Wu Haixia, Song Chunyao, Ge Yao, Ge Tingjian
College of Computer Science, Tianjin Key Laboratory of Network and Data Security Technology, Nankai University, Tianjin, China.
University of Massachusetts Lowell, Massachusetts, United States.
Data Sci Eng. 2022;7(3):253-278. doi: 10.1007/s41019-022-00188-2. Epub 2022 Jun 21.
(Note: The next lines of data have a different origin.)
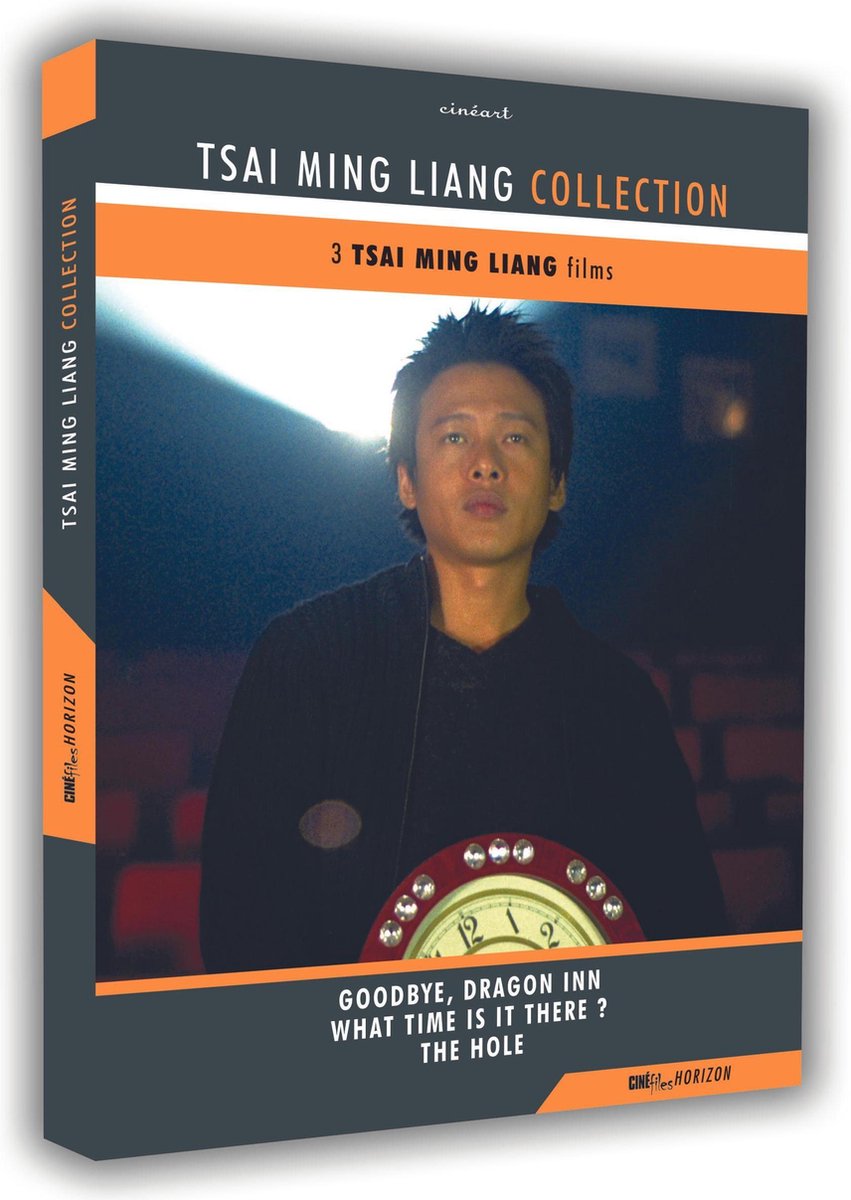 Tsai Ming Liang Collection (Dvd) | Dvd's | bol.com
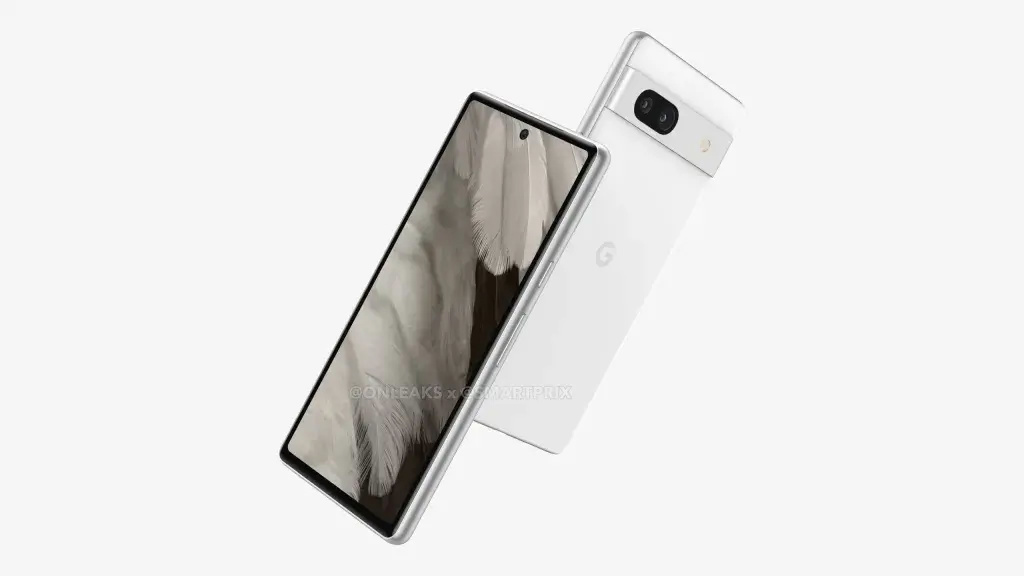谷歌 Pixel 7a 手机规格曝光：6.1 英寸 FHD 屏幕 + Tensor G2 芯片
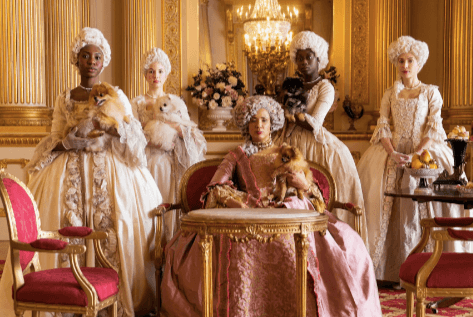 Netflix announce spin-off series based on the early life of Queen Charlotte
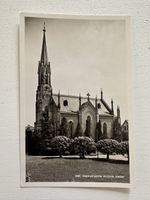 Postkarte Kirche Uster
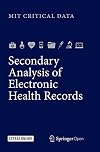 Secondary Analysis of Electronic Health Records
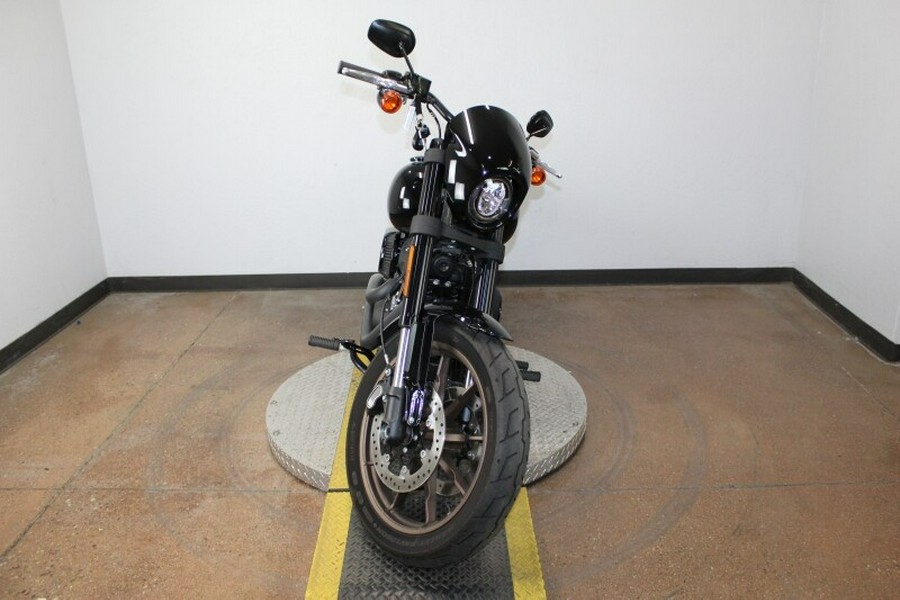 Harley-Davidson® Low Rider® S 2021 FXLRS 065277B BLACK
Complex networks have been used widely to model a large number of relationships. The outbreak of COVID-19 has had a huge impact on various complex networks in the real world, for example global trade networks, air transport networks, and even social networks, known as racial equality issues caused by the spread of the epidemic. Link prediction plays an important role in complex network analysis in that it can find missing links or predict the links which will arise in the future in the network by analyzing the existing network structures. Therefore, it is extremely important to study the link prediction problem on complex networks. There are a variety of techniques for link prediction based on the topology of the network and the properties of entities. In this work, a new taxonomy is proposed to divide the link prediction methods into five categories and a comprehensive overview of these methods is provided. The network embedding-based methods, especially graph neural network-based methods, which have attracted increasing attention in recent years, have been creatively investigated as well. Moreover, we analyze thirty-six datasets and divide them into seven types of networks according to their topological features shown in real networks and perform comprehensive experiments on these networks. We further analyze the results of experiments in detail, aiming to discover the most suitable approach for each kind of network.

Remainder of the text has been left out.